Once you reach the line that holds "Spark-model Mercedes benz" in the listing below, output it and every line after it through the line that holds "Customized High Quality", word for word.

----- EXTRACTED RECORDS -----

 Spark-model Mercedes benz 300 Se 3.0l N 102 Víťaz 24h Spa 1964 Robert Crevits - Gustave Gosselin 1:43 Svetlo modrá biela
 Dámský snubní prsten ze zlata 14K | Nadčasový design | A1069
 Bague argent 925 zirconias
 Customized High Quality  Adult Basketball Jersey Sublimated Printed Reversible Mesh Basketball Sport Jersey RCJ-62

-----
----- EXTRACTED RECORDS -----

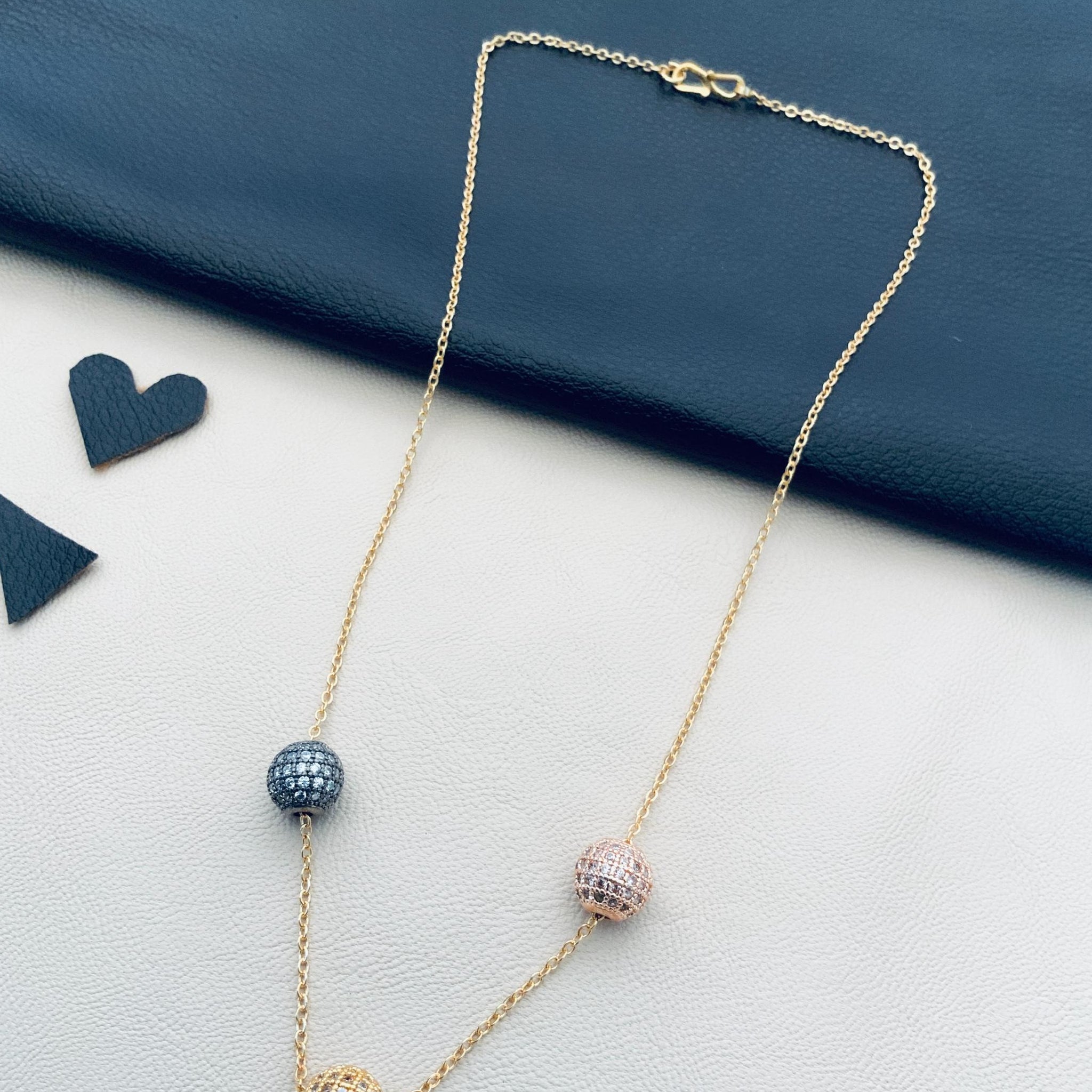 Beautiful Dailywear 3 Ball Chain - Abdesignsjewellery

-----
----- EXTRACTED RECORDS -----

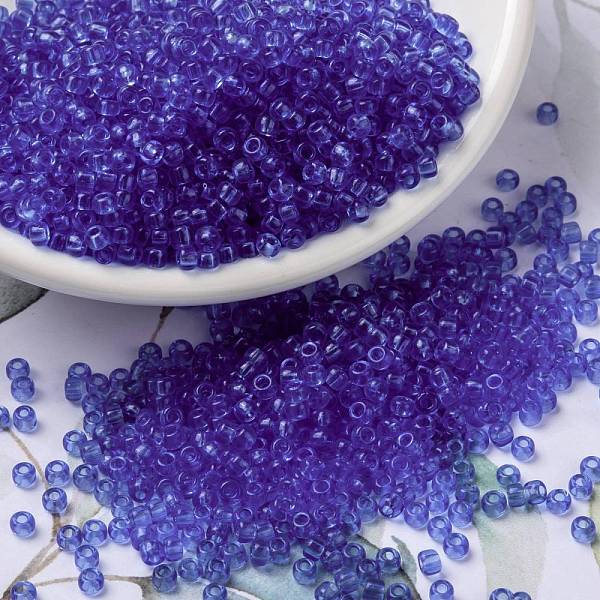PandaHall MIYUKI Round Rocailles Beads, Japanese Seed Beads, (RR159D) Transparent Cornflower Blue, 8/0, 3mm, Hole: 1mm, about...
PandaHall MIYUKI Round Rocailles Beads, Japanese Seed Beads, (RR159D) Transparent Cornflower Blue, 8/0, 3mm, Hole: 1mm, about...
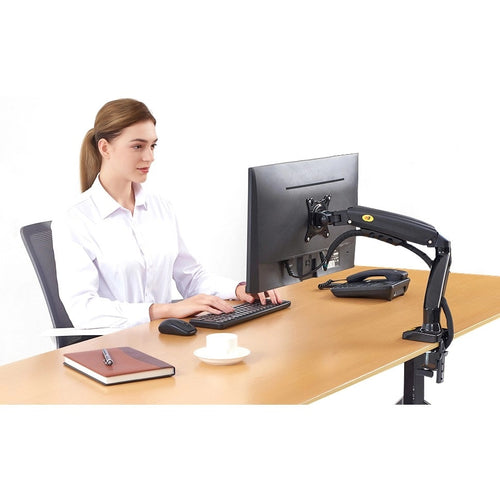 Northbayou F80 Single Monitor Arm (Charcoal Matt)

-----

◆ **COMPLETED TASK**
 Spark-model Mercedes benz 300 Se 3.0l N 102 Víťaz 24h Spa 1964 Robert Crevits - Gustave Gosselin 1:43 Svetlo modrá biela
 Dámský snubní prsten ze zlata 14K | Nadčasový design | A1069
 Bague argent 925 zirconias
 Customized High Quality  Adult Basketball Jersey Sublimated Printed Reversible Mesh Basketball Sport Jersey RCJ-62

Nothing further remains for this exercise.